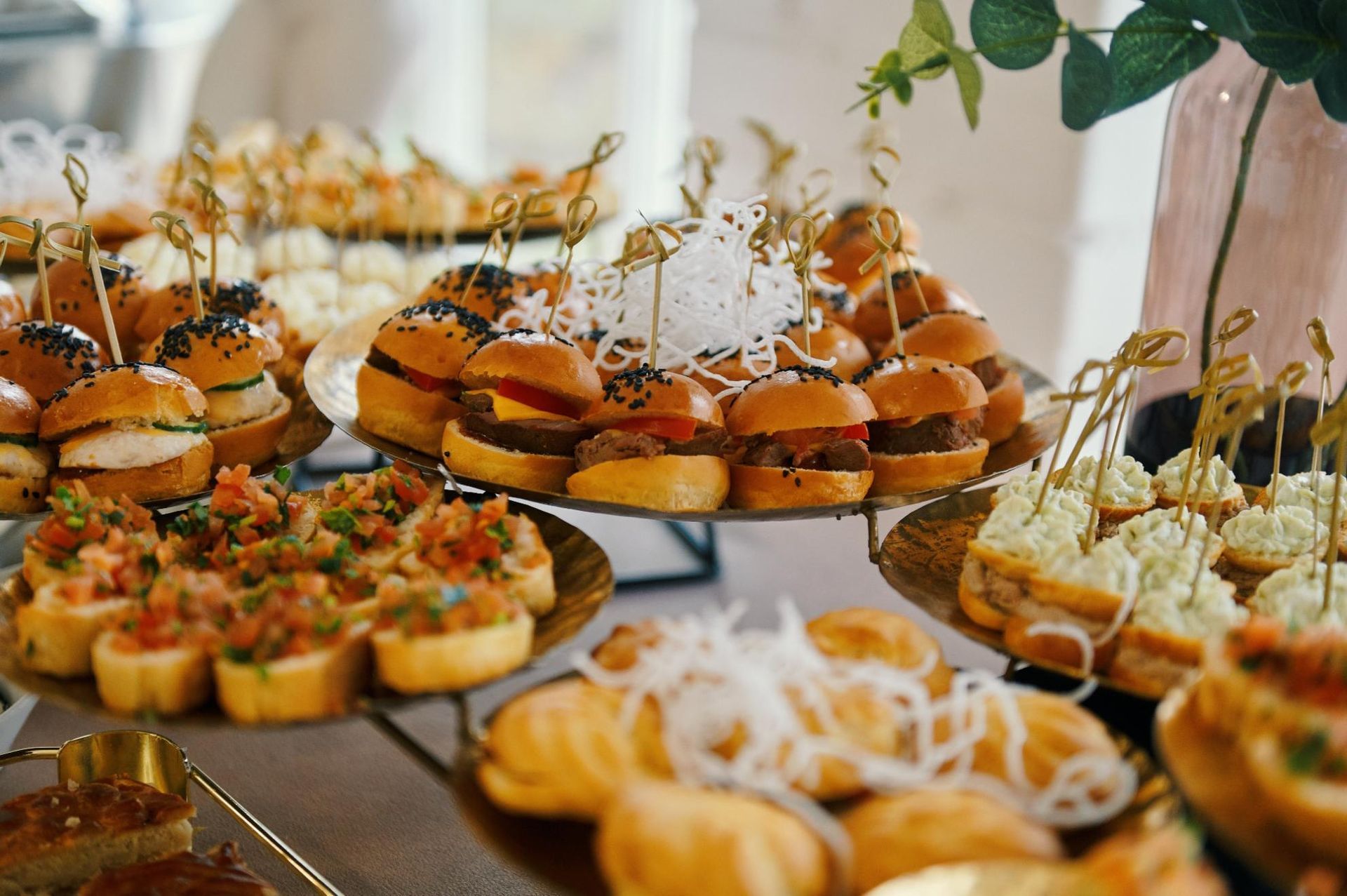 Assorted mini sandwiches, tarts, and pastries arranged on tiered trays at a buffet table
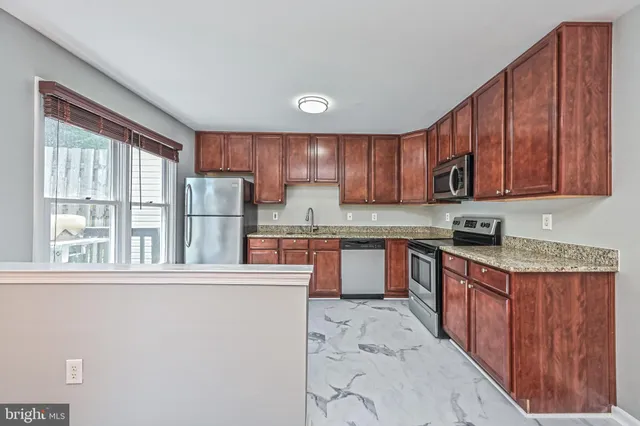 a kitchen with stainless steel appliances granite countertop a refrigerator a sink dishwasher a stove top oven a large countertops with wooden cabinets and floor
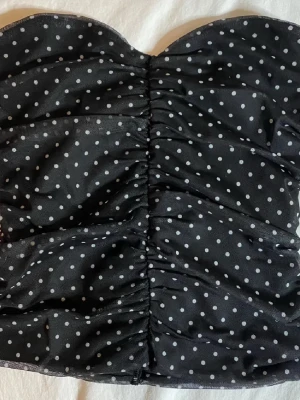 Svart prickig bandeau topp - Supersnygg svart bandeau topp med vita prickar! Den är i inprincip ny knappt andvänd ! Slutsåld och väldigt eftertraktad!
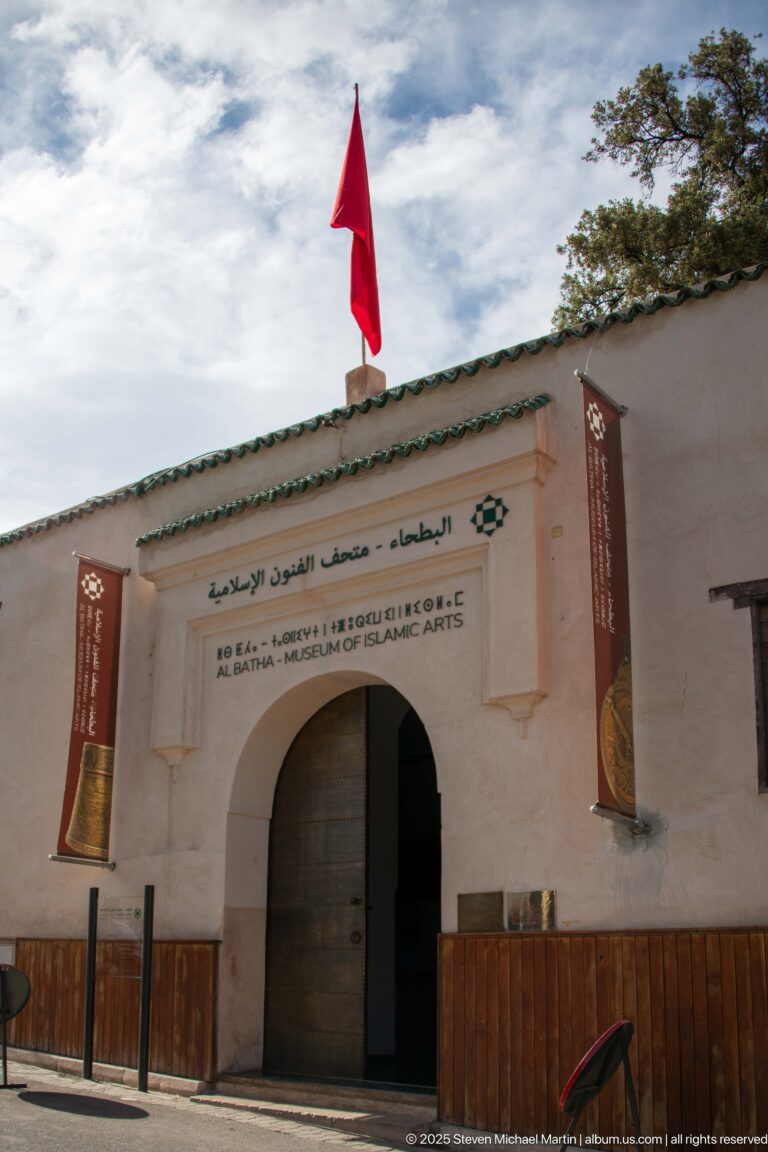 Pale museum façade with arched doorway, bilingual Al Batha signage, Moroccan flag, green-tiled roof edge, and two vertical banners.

* _EXERCISE DIRECTIONS_: The whole listing must be transcribed exactly. No pictures belong in the copy.

* _FINAL ANSWER_:
 Assorted mini sandwiches, tarts, and pastries arranged on tiered trays at a buffet table
 a kitchen with stainless steel appliances granite countertop a refrigerator a sink dishwasher a stove top oven a large countertops with wooden cabinets and floor
 Svart prickig bandeau topp - Supersnygg svart bandeau topp med vita prickar! Den är i inprincip ny knappt andvänd ! Slutsåld och väldigt eftertraktad!
 Pale museum façade with arched doorway, bilingual Al Batha signage, Moroccan flag, green-tiled roof edge, and two vertical banners.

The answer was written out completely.